Records shown:
-- Opening Marker --

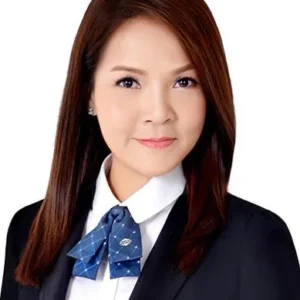 YAP SIEW PING (EVONE YAP)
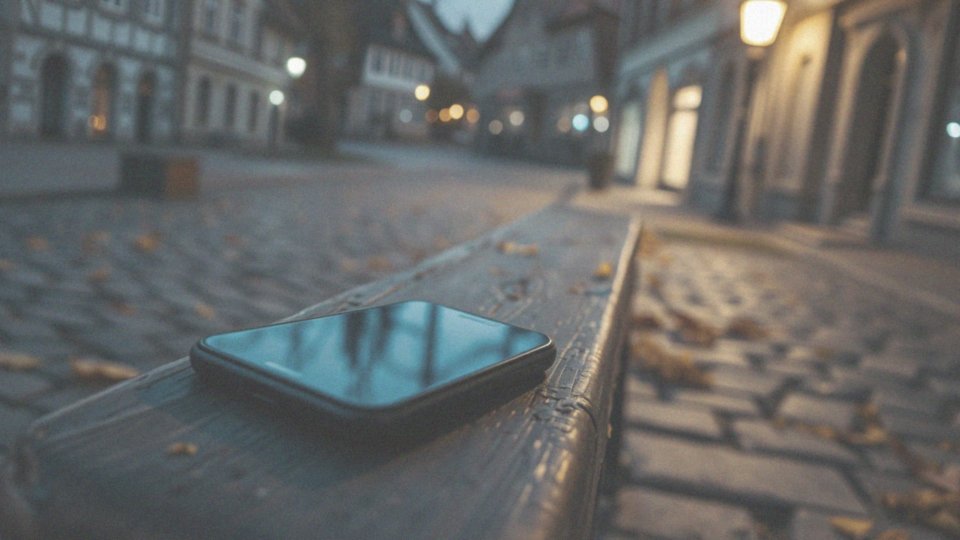 Jak odzyskać faceta przez SMS? Skuteczne strategie i porady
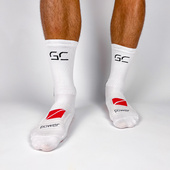 Skarpety antypoślizgowe Gain Control POWER 41-45 BLACK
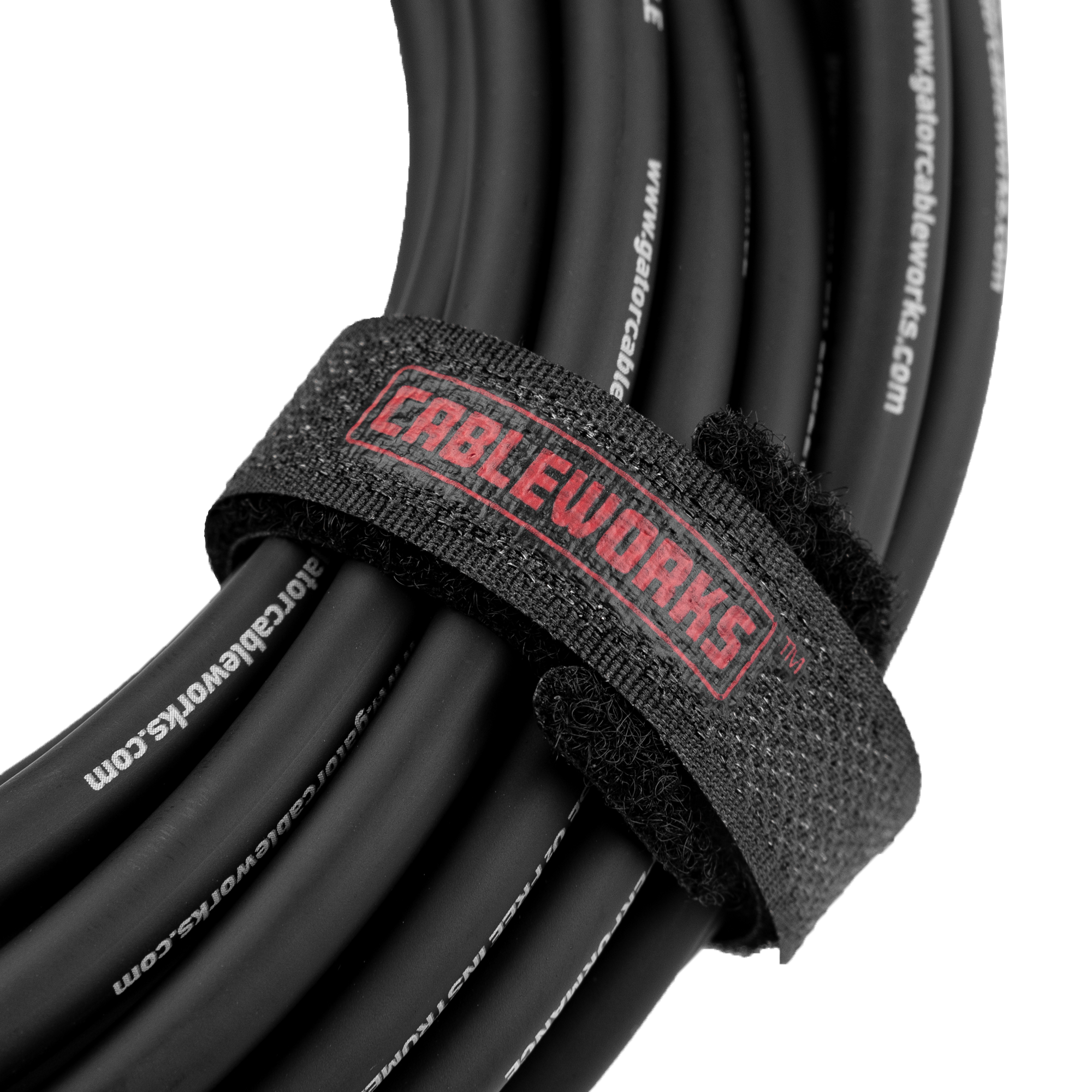 20 Foot Strt to Strt Quiet Instrument Cable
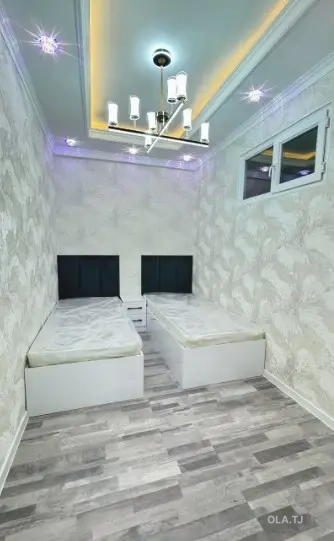 3 комнатная квартира, 4 этаж, 80м²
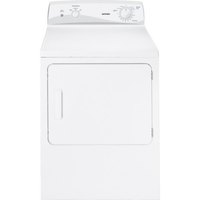 Dryer 6cu ft Dryer 6cu ft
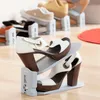 Adjustable Schuh Organizer SBoiszer InnovaGoods 6 Einheiten Voir les images du produit 2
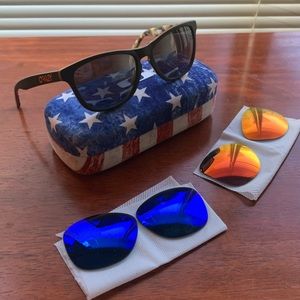 Oakley Frogskin LX Kosten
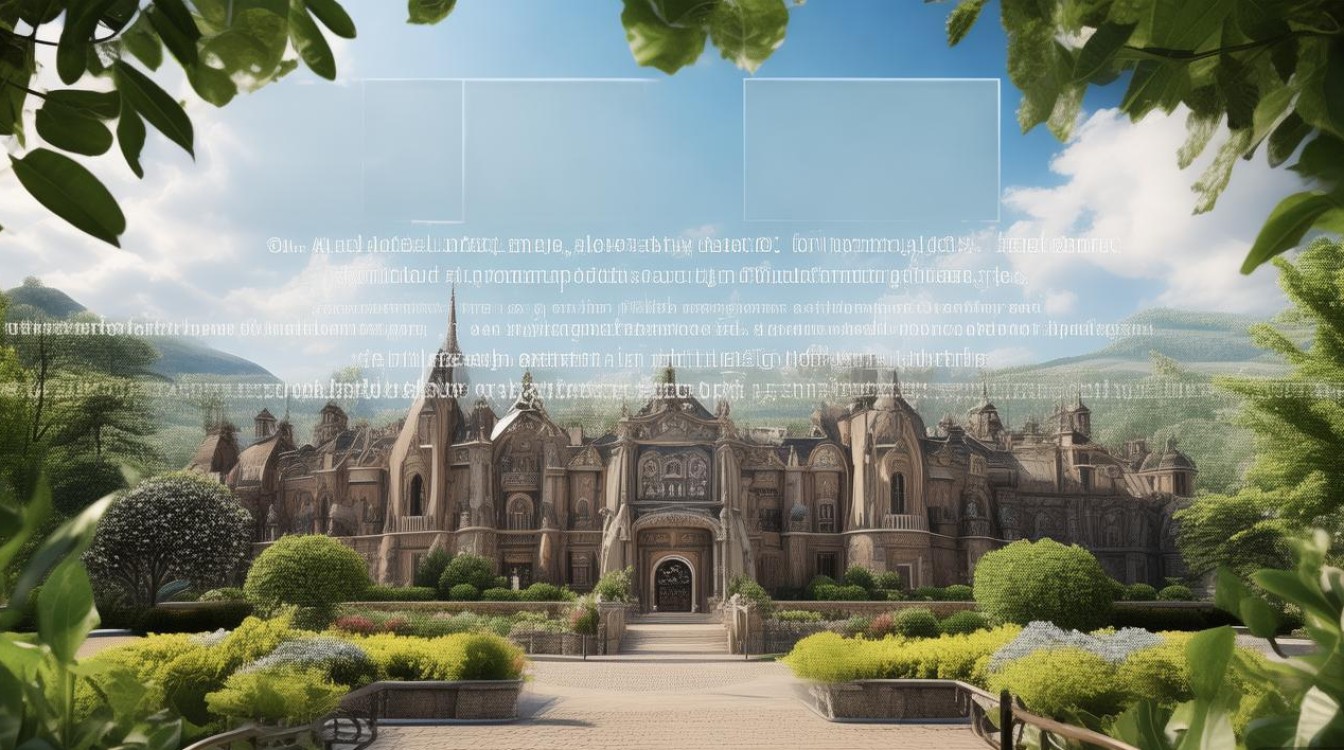 旅游景点的英语作文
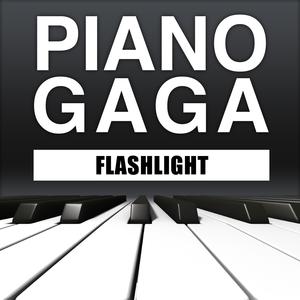 Flashlight (From "Pitch Perfect 2") [Piano Version]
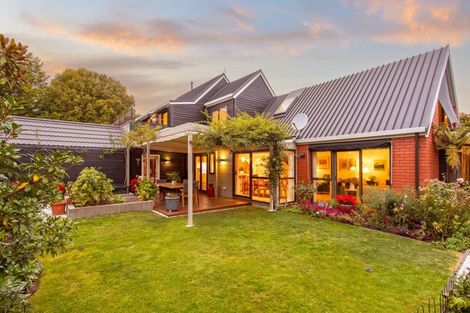Photo of property in 9 Rochdale Street, Fendalton, Christchurch, 8014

-- Closing Marker --

Goal of the exercise: For this exercise, output only the lines from the one bearing "Dryer 6cu ft Dryer 6cu ft" to the end of the material above, exactly as written, with pictures left out.

Exercise response:
 Dryer 6cu ft Dryer 6cu ft
 Adjustable Schuh Organizer SBoiszer InnovaGoods 6 Einheiten Voir les images du produit 2
 Oakley Frogskin LX Kosten
 旅游景点的英语作文
 Flashlight (From "Pitch Perfect 2") [Piano Version]
Photo of property in 9 Rochdale Street, Fendalton, Christchurch, 8014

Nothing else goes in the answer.